What a feat of architecture and design: the new Francis Crick Institute on Brill Place right next to (West of) St. Pancras Station in London. Apparently the ground floor was built first and then extended up and down simultaneously; I didn’t know that was possible. If you decide to watch the video, I recommend turning off the sound and ignoring the spectres and shadows of people.
Now, sadly, I don’t have a picture of us new PhD students posing outside or inside the building because it isn’t finished yet. As far as I am aware, there have been issues with the air conditioning and parts of the basement vibrate too much for sensitive instruments, such as microscopes, to be set up. The latter is perhaps not surprising considering that the Crick is wedged right between St. Pancras and Euston stations…

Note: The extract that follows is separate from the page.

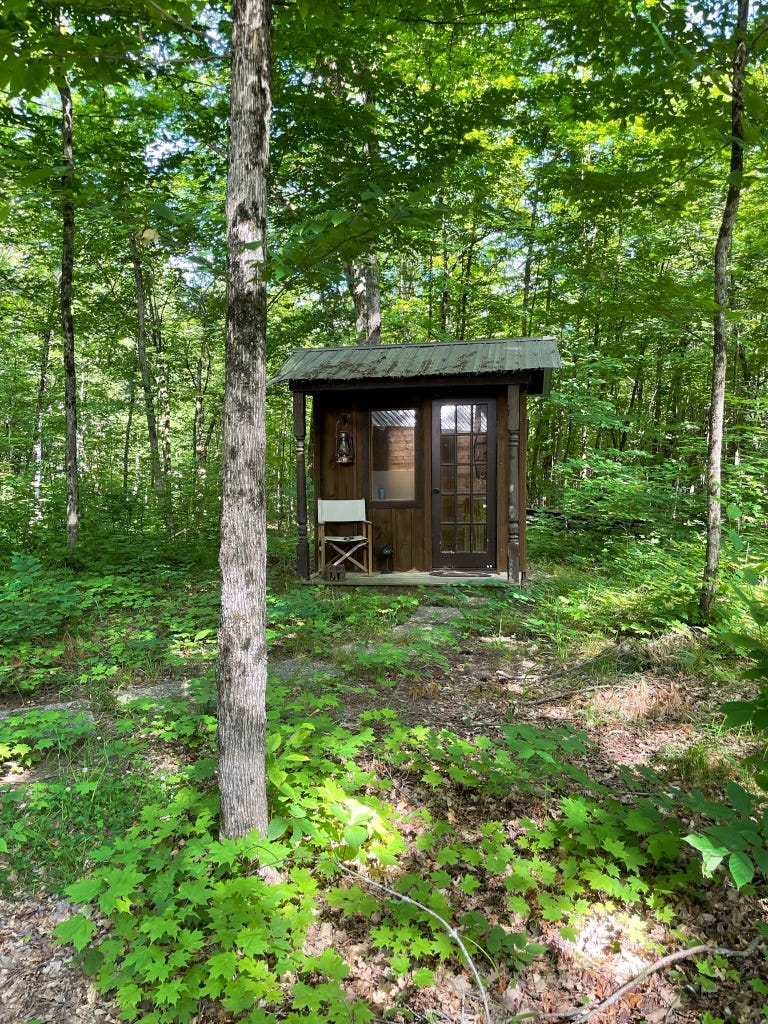 A private gem of an outhouse with a porch, window, and glass-paned door sits in the woods behind Bijou Glabin.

Last week we were induced/introduced/inducted to the life of being PhD students. The CEO of the Crick, Paul Nurse, who happens to have won a Nobel Prize, talked to us about how we shouldn’t work too much, try to step out of our projects from time to time to gain an overview, and remember that it is a privilege and not an entitlement to be doing a PhD at the Crick. He also said that leaving academia after this four-year PhD should not be regarded as a failure and that we would receive support in doing other things. I’m a bit sceptical because he also heavily implied that we were not to disappoint the institute, but we’ll see.

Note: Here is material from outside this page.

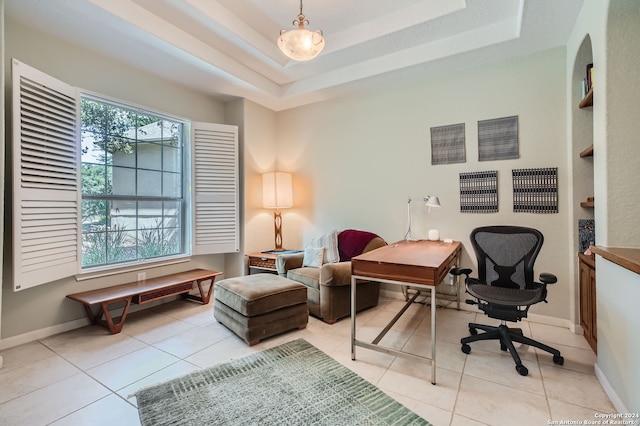 tiled home office with a tray ceiling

As part of the degree we will also have to complete ten days of training per year, which should cover all our bases (according to the Researcher Development Framework; gone are the days of the solitary, uncommunicative, mad scientist):
In between the serious talks there were plenty of opportunities to get to know – or schmooze with, as one of the students put it – the other students over coffee/tea/beer/wine/pizza/sandwiches. During the first icebreaker session we introduced ourselves and had to provide a memorable fact: they ranged from having started a cupcake business, to being fond of planes, teaching children the piano, appearing in a television series as a child and even being Austrian (!).
We also had a lecture on scientific integrity and ethics (in research). The take-home message was, as always, to be honest. We were shown how not to manipulate or massage data. Luckily, we will be given training in Photoshop and Illustrator so that we can handle our images correctly.

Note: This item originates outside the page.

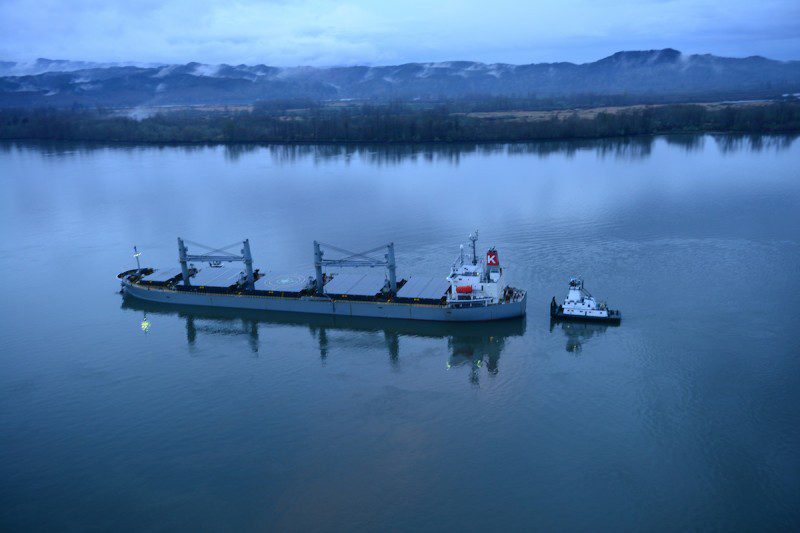 A tug helps stabilize the motor vessel Sparna, a 623-foot Panamanian-flagged bulk carrier, while the Sparna awaits repairs after it sustained damage below the waterline while transiting in the Columbia River near Cathlamet, Wash., March 21, 2016. The Sparna is loaded with grain and was headed west on the Columbia River when the incident occurred. (U.S. Coast Guard photo by Petty Officer 1st Class Levi Read)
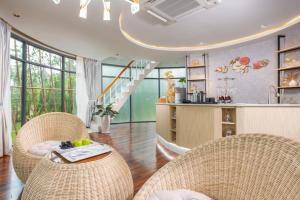 sala de estar con 2 sillas de mimbre y mesa en Bird Nest Villas by Mafiya en Sihanoukville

Two half-days were spent listening to the leaders of the so-called Science & Technology Platforms (STPs). These are specialised labs that usually do not have their own projects, but rather lend their equipment and expertise to the other research groups in the institute to enable them to perform experiments they would not be able to do on their own. The STPs include, among others, advanced microscopy facilities (both light and electron microscopy), flow cytometry (to analyse cells at the single-cell level and even sort them), bioinformatics and statistics, DNA/RNA sequencing and peptide chemistry/synthesis. However, the one I was most surprised by was the “scientific instrument prototyping” group – they basically create new scientific machines that no company has made before. They probably conform to the crazy inventor stereotype the most. Overall, the services offered by the STPs seem absolutely incredible and hopefully many of us will actually get to work with them.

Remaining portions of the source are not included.